Okay, so you have written some cool program in a language and now it needs to run. Overall, a compiler “looks” at the code, generates some “intermediate representation” and then it is converted to code for a target machine

Overview: Program Frontend IR Backend Run

Lexical Analysis

Very cool word A lexer takes in a stream of characters from the programs and generates tokens. Example: let a = 10; would become: let, a, =, 10, ; after it passes a lexer

Parsing

After lexing, we want to make sure that the token that generated are valid and a part of a “grammar” A parsers taken in these stream of tokens and generates a tree that mirrors the rules of the language grammar.

Static Analysis

After we know the syntactic structure of the code, and we know it is valid

First step: Binding if c = a + b is valid syntax, then what is c? a? b? local or global? data type (probably won’t worry about type checking currently)

Now, for each of these “identifiers”, we see how it is defined and map those to each other.
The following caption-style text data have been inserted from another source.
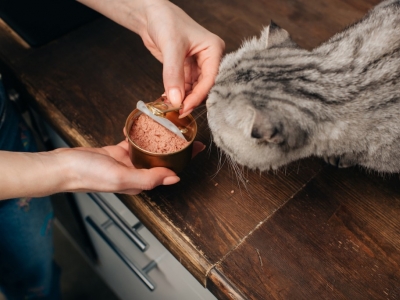 Choisir sa pâtée pour chat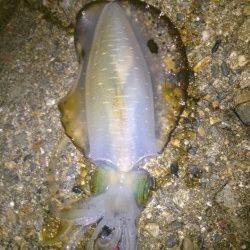 エギング好調の二見　良型のアオリイカもヒット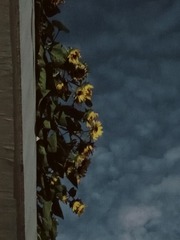 1000044533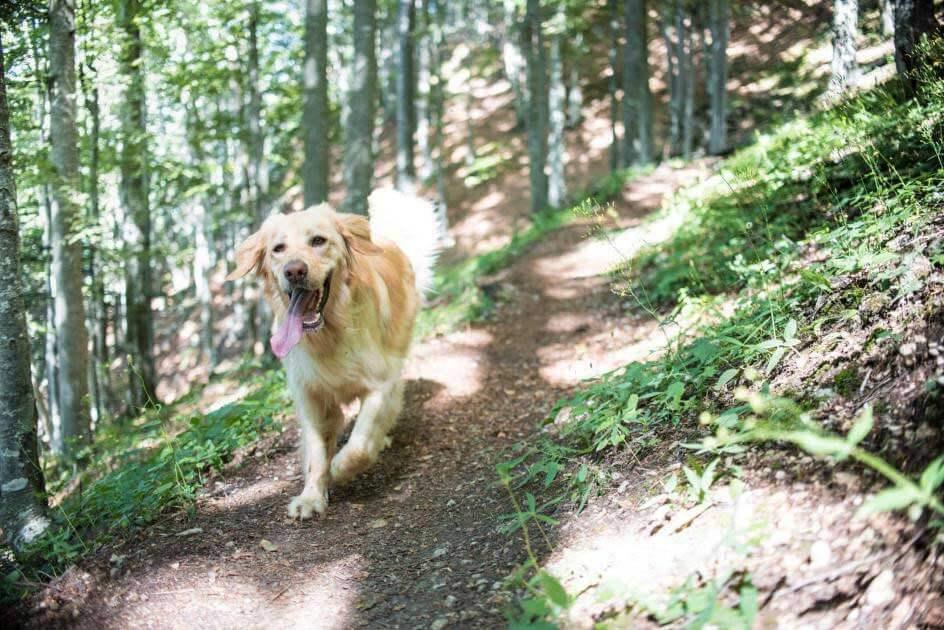 dog on path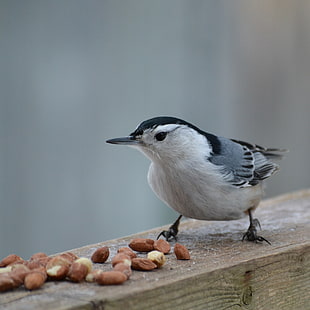 gray bird on wood with foods, nuthatch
Now, we need someplace to “store” all this analysis that we did. We can use:

  • Just use the syntax tree, add additional nodes (called attributes)
  • Use a symbol table, the keys are the identifiers and values are what those refer to

This was the frontend.

Intermediate Representations

Frontend organizes all the things we need to run the code, and backend is concerned with the target on which the code runs on; IR bridges both of them. It acts as an interface between both

Optimizations

Once we know the program, we can keep the same “meaning” but write it more efficiently

Some examples:

  • Constant Folding Evaluate the constant a = 3 * 5 * 6 * 7 + 4 - 2 can be rewritten as a = 632

  • Constant Propagation
    Replace variables with known constant values.
    Example:
    x = 5 y = x + 3 can be rewritten as y = 5 + 3

  • Common Subexpression Elimination (CSE) Eliminate redundant subexpressions a = b * c + d x = b * c + e can be rewritten as t = b * c a = t + d x = t + e

  • Loop Invariant Move the loop invariant for i = 0..n: x = a * b a[i] something

    can be rewritten as x = a * b for i = 0..n: a[i] something

  • Global value numbering (eliminates stuff CSE might not) Identifies equivalent expressions for redundancy

    w = 3 x = 3 y = x + 4 z = w + 4 Can change to w = 3 x = w y = w + 4 z = y

Code Generation

After everything is done, we have optimized code, we need to convert it into a form that the machine can actually run.
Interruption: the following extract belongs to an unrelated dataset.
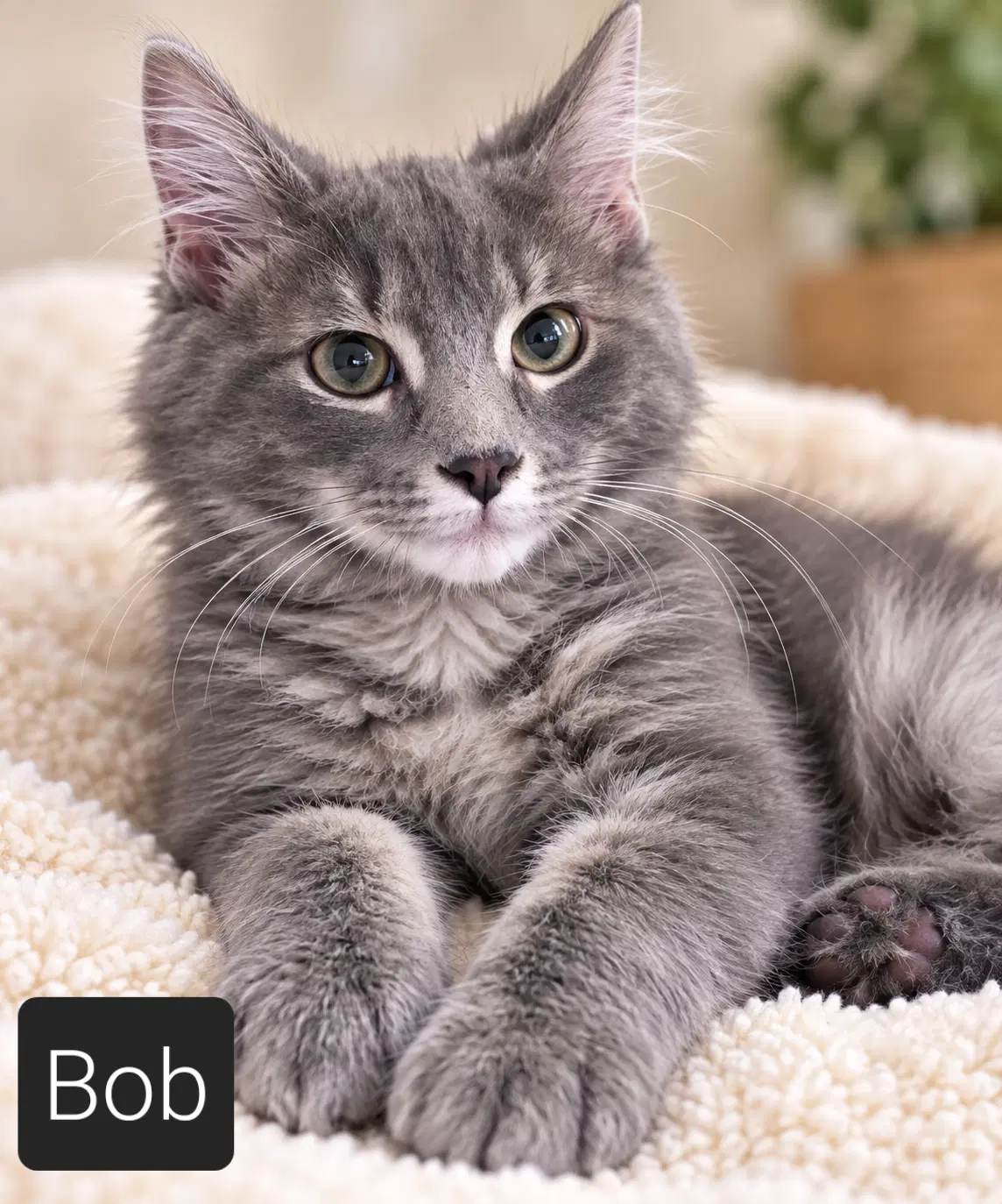 Mr Bob - Domestic Short Hair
We can generate code to run on a native machine but then the compiler tied to a particular architecture.

Instead of instructions for some real chip, we can produce code for a hypothetical machine, generally called bytecode since each instruction is a byte long.

The basic principle here is that the farther down the pipeline you push the architecture specific work, the more of the earlier phases you can share across architectures

Running it: If we compiled it to machine code, we simply tell the operating system to load the executable. If we compiled it to bytecode, we need to start up the VM and load the program into that.